The committee also suggests there has been no progress by federal officials to provide municipalities with equipment that could be used in the even of a chemical, radiological or nuclear attack.

"As for action, none yet. No guarantee of action in anyone's lifetime," the report says.

"... Let's give Nero credit where credit is due: At least he played the fiddle."

The tone of the report drew the ire of the Tories. "The Senator's report, from the title on down, is irresponsible and does not reflect the true picture of how much progress has been made in protecting Canadians since the last election," the Public Safety Minister, Mr.

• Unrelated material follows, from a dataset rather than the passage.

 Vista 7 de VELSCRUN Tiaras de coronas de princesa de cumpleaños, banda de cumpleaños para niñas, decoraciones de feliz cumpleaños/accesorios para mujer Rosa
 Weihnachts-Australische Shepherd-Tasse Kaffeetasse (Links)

Day, said in a statement from his office.

"We did not have to wait for Senator Kenny to tell us that the Liberals neglected emergency management for 13 years."

The multivolume report found that there is no system to force the communications industry to keep citizens informed during emergencies; and described overall emergency planning and funding in Canada as "top-down."

"[Federal] and provincial bureaucrats issue edicts to municipalities to prepare for emergencies without listening to first responders," the report notes. "There are at least a score of major issues that deserve serious (and timely) attention."

The senate committee last reported on the topic of emergency preparedness in March of 2004, issuing a report titled "Canada's Fragile Front Lines." That report also gave Canada's emergency preparedness efforts a failing grade.